• _Exercise_: Below are the entries. Print only the lines starting at the one with "Jupe Jean 8" and ending at the one with "Dassin, Garou, Matheu, Dalida, Abba, Gott, Cher", exactly, with no pictures.
** Opening Records provided block **
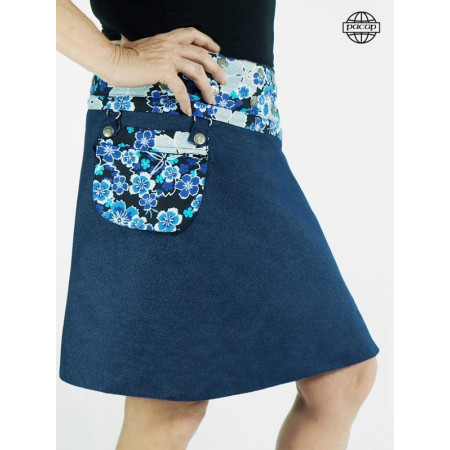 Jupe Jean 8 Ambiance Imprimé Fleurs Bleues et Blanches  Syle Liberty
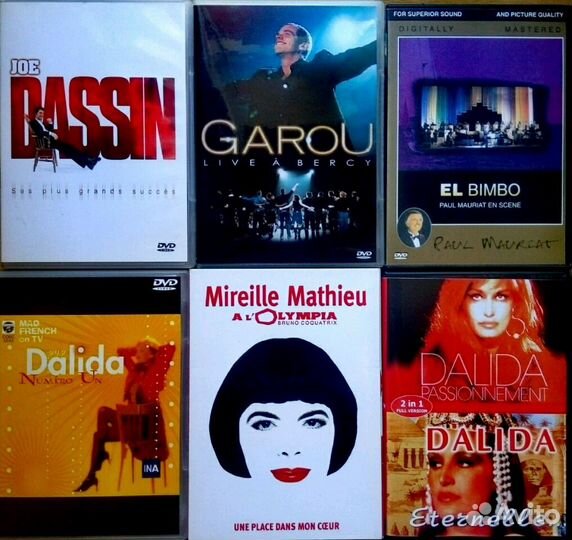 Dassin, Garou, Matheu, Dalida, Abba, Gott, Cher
** Closing Records provided block **
** Opening Records provided block **
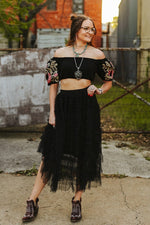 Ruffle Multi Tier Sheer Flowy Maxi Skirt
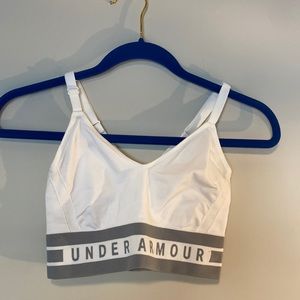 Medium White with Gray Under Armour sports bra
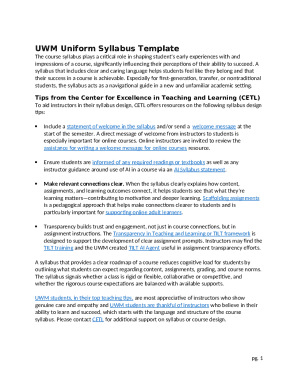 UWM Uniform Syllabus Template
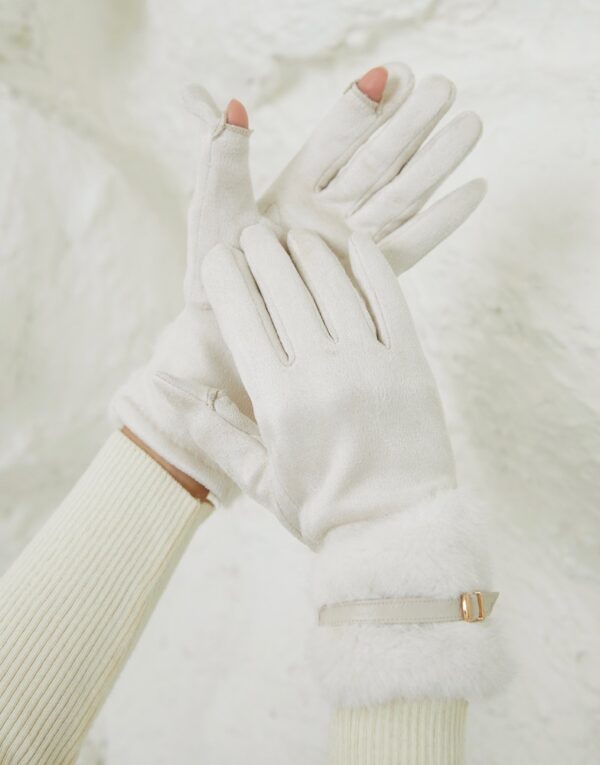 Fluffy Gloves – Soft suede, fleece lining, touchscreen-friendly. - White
** Closing Records provided block **
• _Answer box_:
 Jupe Jean 8 Ambiance Imprimé Fleurs Bleues et Blanches  Syle Liberty
 Dassin, Garou, Matheu, Dalida, Abba, Gott, Cher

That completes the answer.